Judith Butler's programmatic agenda in "Gender Trouble" – rejecting the foundational logic

In "Gender Trouble" Judith Butler discusses the so called "we" of feminism. Butler does not reject the logic of appealing to a common feminine "we" and the acknowledgment of the subject as having agency, but she does point out some problems that are in the way of the politics of identities encountered by the feminist project of establishing a "we". Butler notes that the feminist subject cannot constitute herself (as a subject) without working from within the same system of political discourse from which she wishes to free herself. This system for Butler relies on what she calls "foundational" logic, the logic which presupposes a hierarchic difference between men and women. According the foundational logic, the distinction between men and women precedes discourse and is not language, history or politics dependant. In fact, this type of thinking assumes that there is always an essential conflict between the "I" and the "other", a conflict which precedes discourse and politics and is the initial filed in which the subject operates.

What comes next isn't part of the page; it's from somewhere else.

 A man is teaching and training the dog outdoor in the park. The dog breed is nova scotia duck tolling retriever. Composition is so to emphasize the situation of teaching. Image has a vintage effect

Judith Butler holds that by adopting this politics of identity feminism is in fact adopting this hegemonic foundational logic, which establishes and sustains women's otherness.

What Judith Butler is suggesting in "Gender Trouble" is to conduct an all-out deconstruction of the notion of subject, and to expose binary oppositions such as I-other, subject-object, man-woman, heterosexual-homosexual, as repressive construction which gain their meaning through the discourse of identity, and do not precede it.  Butler believes that such a deconstruction of the subject and its sustaining discourse will point to the fact that women's "we" is also no more than a discourse dependant social construction, and is therefore limited, fragmented, imagined and subjected to change and even resistance. Butler's "Gender Trouble" is such an attempt at a radical deconstruction of gender as a fixed category, hoping to bring down in the process all other construction that were erected on the base of the, for Butler, false gender distinction.